● **Your goal**:
Ignoring every picture, return the lines of the listing below word for word, from the line that holds "Sparkling Fizz Rose" through the line that holds "The Chicago Bull".

● **Data for this task**:

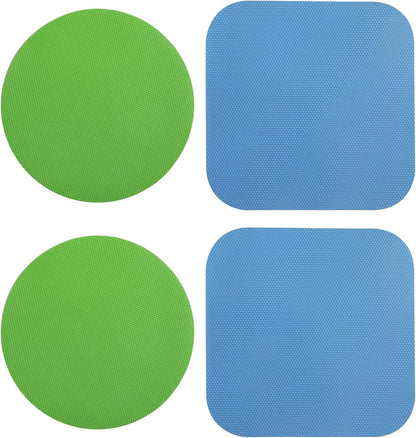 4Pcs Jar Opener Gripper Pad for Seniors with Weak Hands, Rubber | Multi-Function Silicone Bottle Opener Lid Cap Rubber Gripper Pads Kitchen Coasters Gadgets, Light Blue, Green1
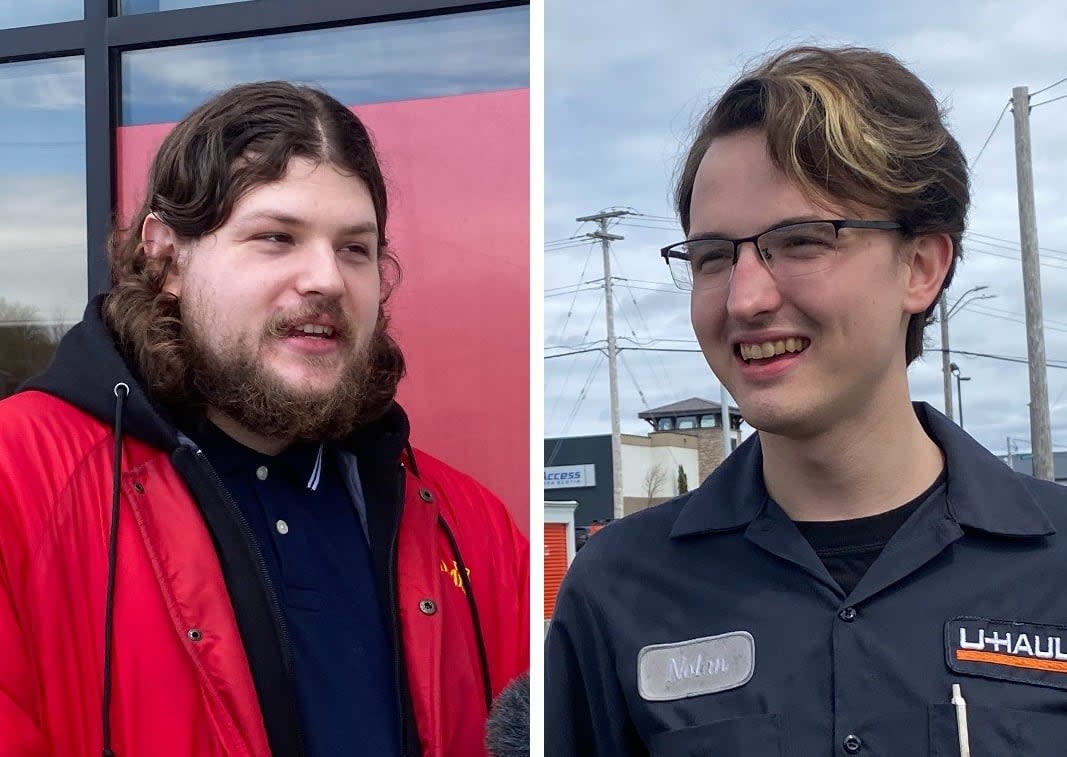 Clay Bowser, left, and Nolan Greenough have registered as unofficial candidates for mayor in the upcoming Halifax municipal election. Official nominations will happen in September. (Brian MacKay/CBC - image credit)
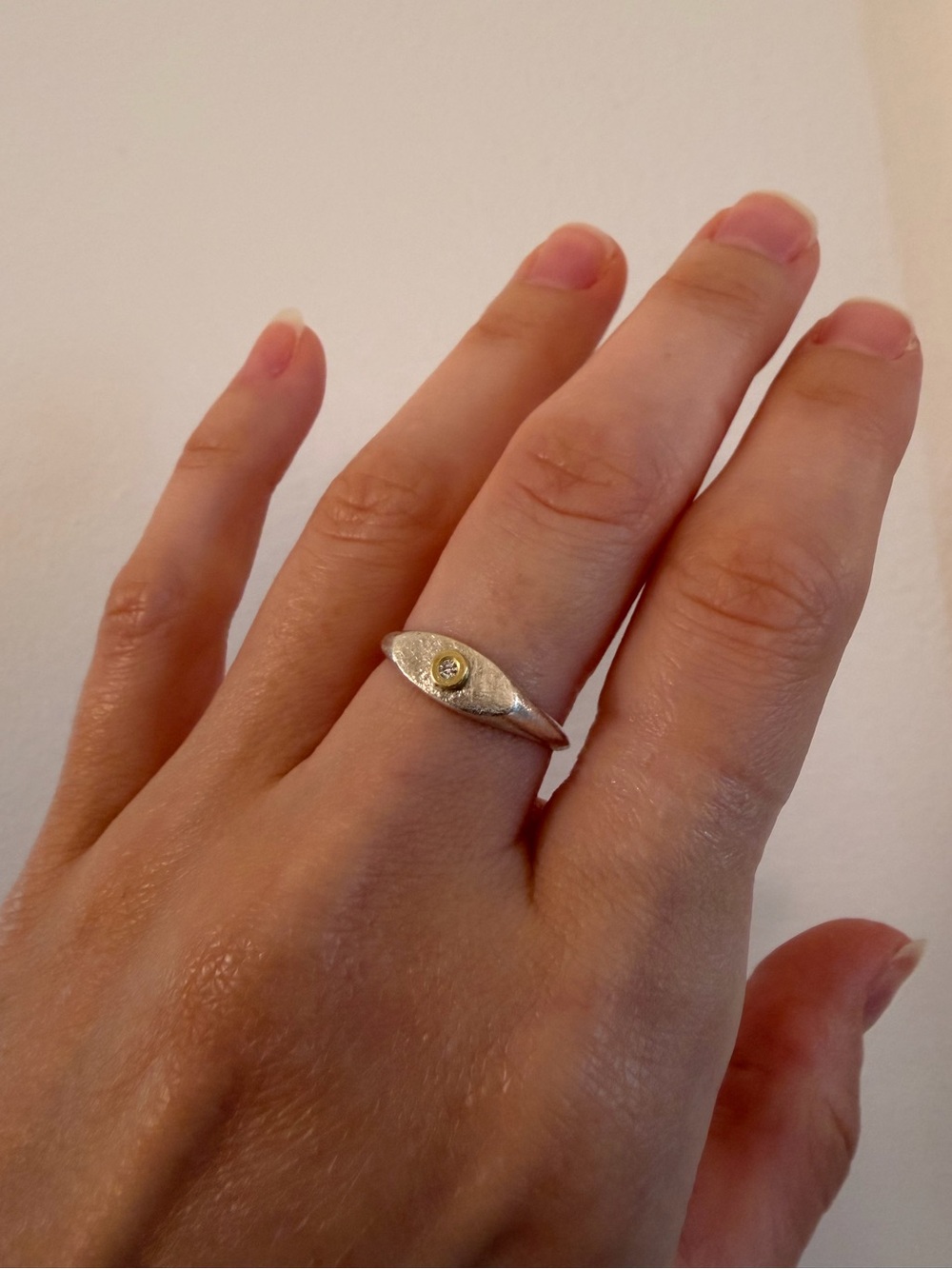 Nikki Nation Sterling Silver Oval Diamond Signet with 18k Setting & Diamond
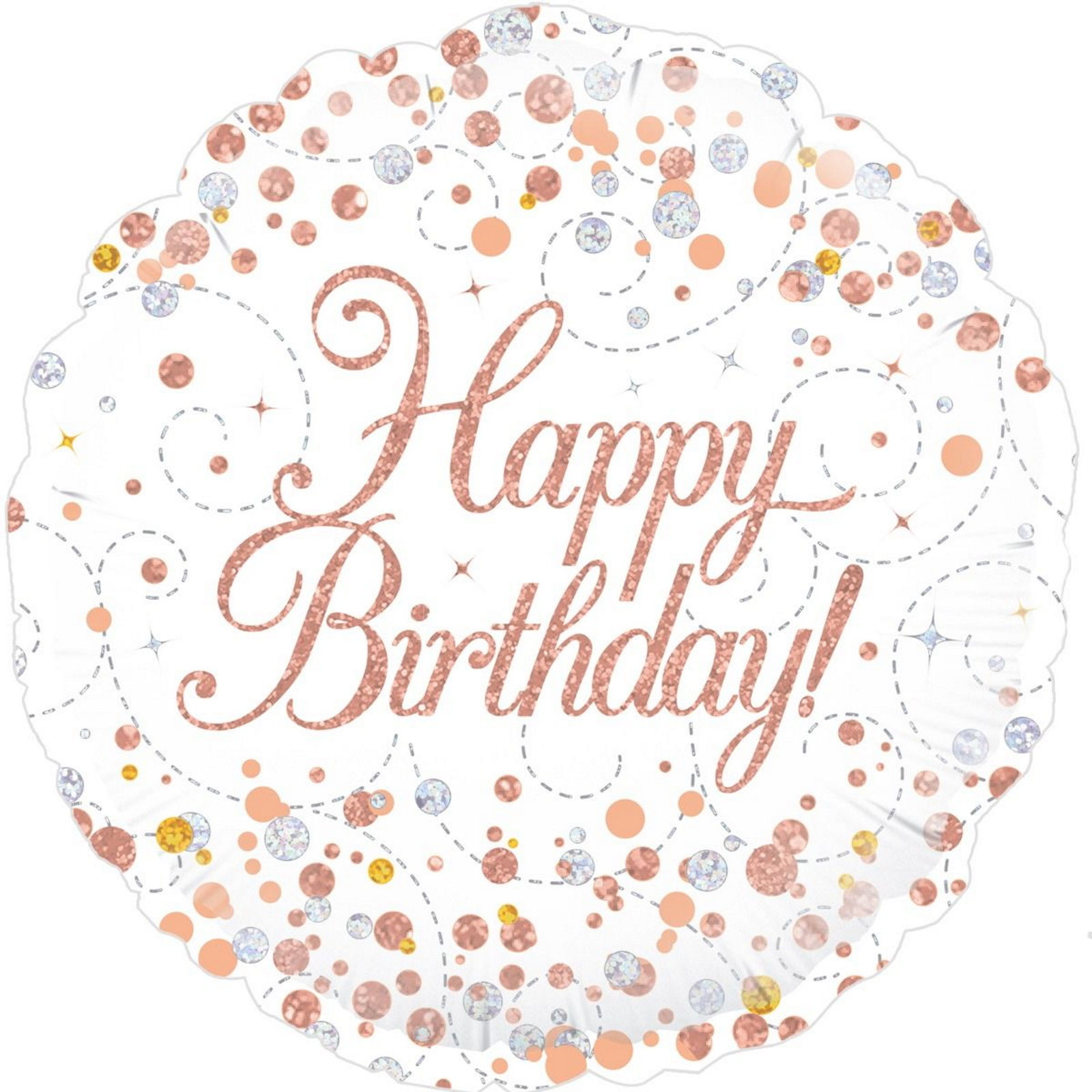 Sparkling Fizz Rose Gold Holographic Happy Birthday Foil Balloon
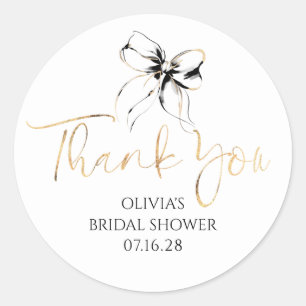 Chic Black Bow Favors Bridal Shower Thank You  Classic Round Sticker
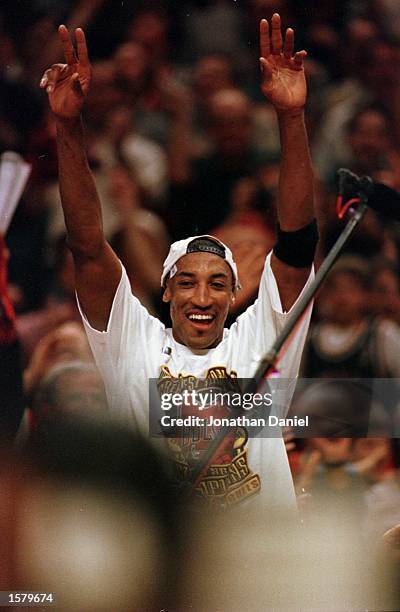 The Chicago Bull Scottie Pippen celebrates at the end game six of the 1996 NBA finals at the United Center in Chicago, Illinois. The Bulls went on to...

==

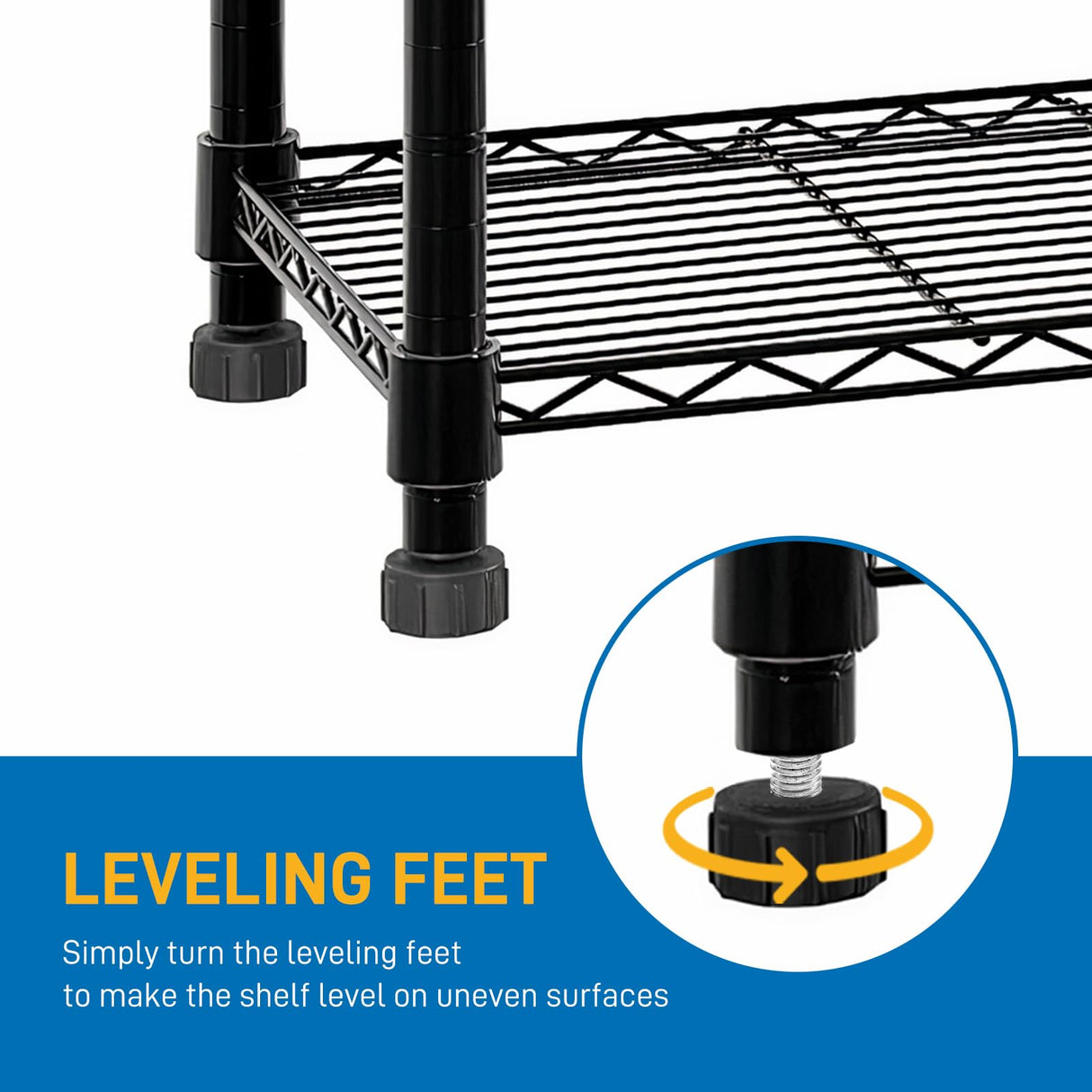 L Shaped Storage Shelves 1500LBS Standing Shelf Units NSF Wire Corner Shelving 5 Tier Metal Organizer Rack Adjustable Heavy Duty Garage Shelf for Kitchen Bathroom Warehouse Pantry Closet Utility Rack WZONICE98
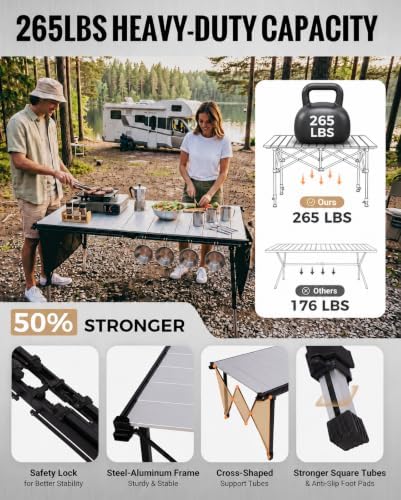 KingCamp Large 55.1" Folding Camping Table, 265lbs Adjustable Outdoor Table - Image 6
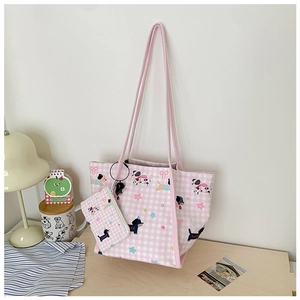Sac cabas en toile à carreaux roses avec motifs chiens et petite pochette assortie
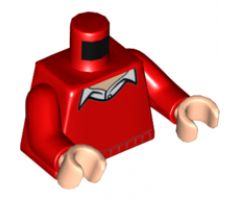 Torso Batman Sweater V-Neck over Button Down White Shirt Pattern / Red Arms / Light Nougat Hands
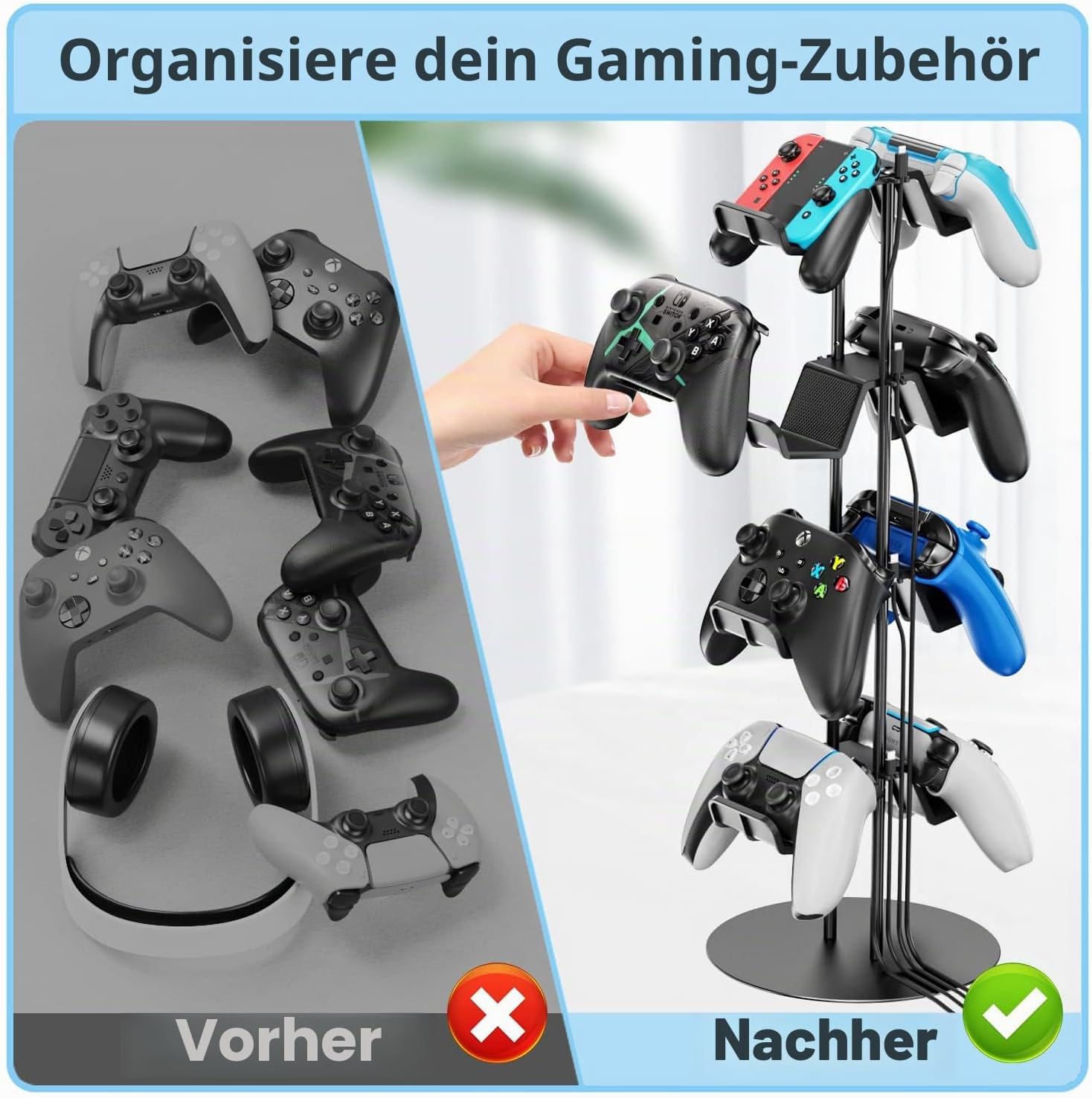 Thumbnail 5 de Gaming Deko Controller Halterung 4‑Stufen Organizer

● **Exercise output**:
 Sparkling Fizz Rose Gold Holographic Happy Birthday Foil Balloon
 Chic Black Bow Favors Bridal Shower Thank You  Classic Round Sticker
 The Chicago Bull Scottie Pippen celebrates at the end game six of the 1996 NBA finals at the United Center in Chicago, Illinois. The Bulls went on to...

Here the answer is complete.